TRY IT
Reproduce, please, the line that holds "Busch-Jaeger busch welcome" and all later lines through the end of the entries below, exactly; omit pictures.

Stored records

BEGIN

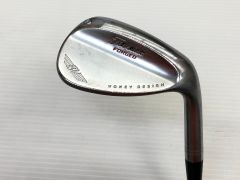 ボーケイ フォージド | 60 | NSプロ950GH | 中古 | ウェッジ | タイトリスト【最短即日発送】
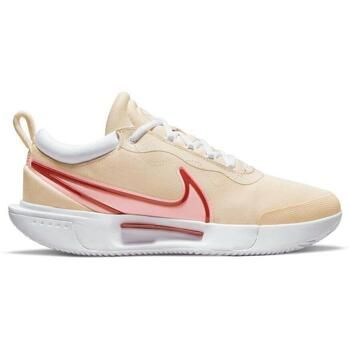 Nike Zapatillas DH2604 para mujer
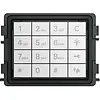 Busch-Jaeger busch welcome codeklavier wit (A251382K-W-03)
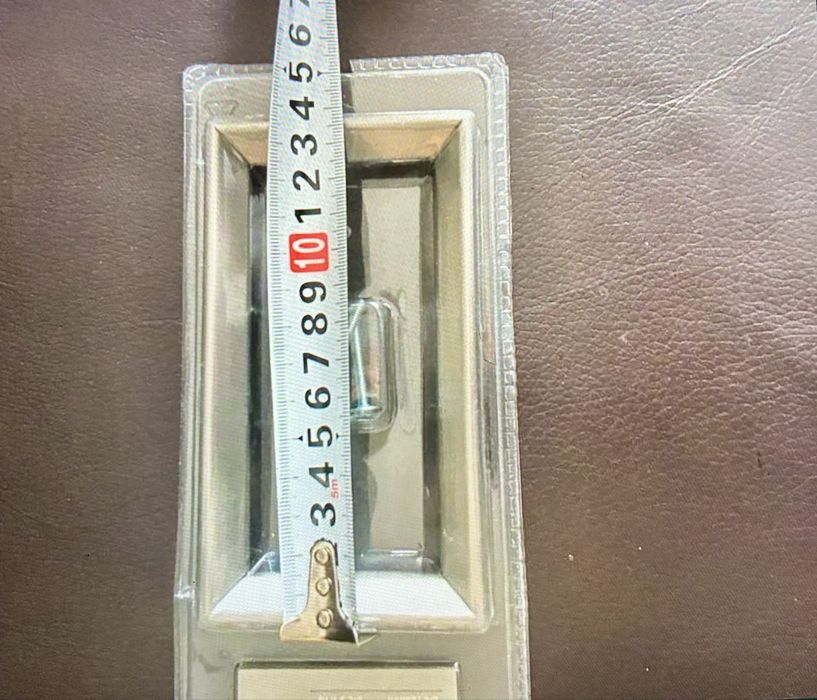 Ikea uchwyt do mebli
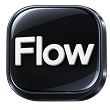 Flow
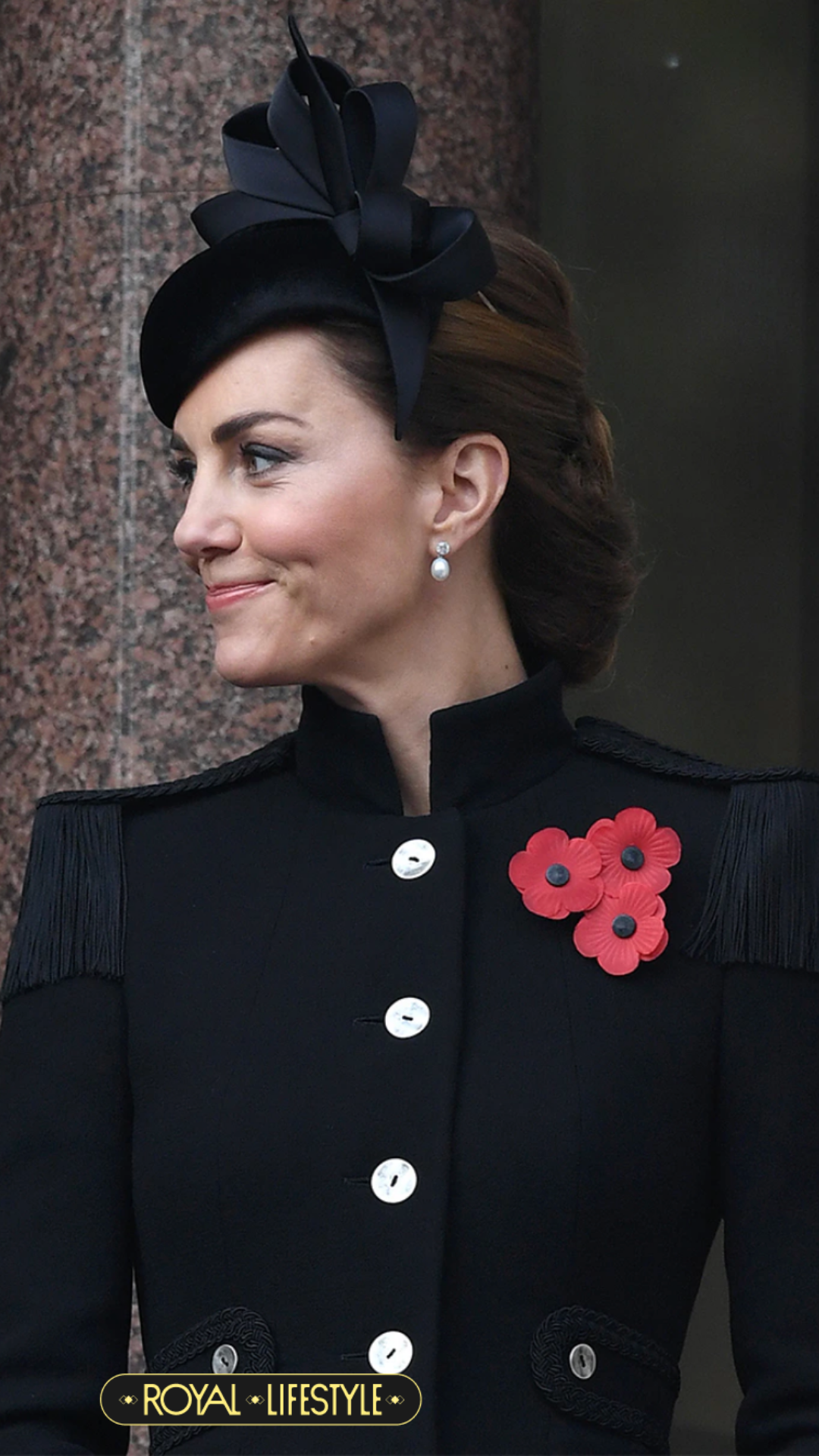 kate-princess-three-poppies-2-1762592353497900953483.png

END

REPLY
 Busch-Jaeger busch welcome codeklavier wit (A251382K-W-03)
 Ikea uchwyt do mebli
 Flow
 kate-princess-three-poppies-2-1762592353497900953483.png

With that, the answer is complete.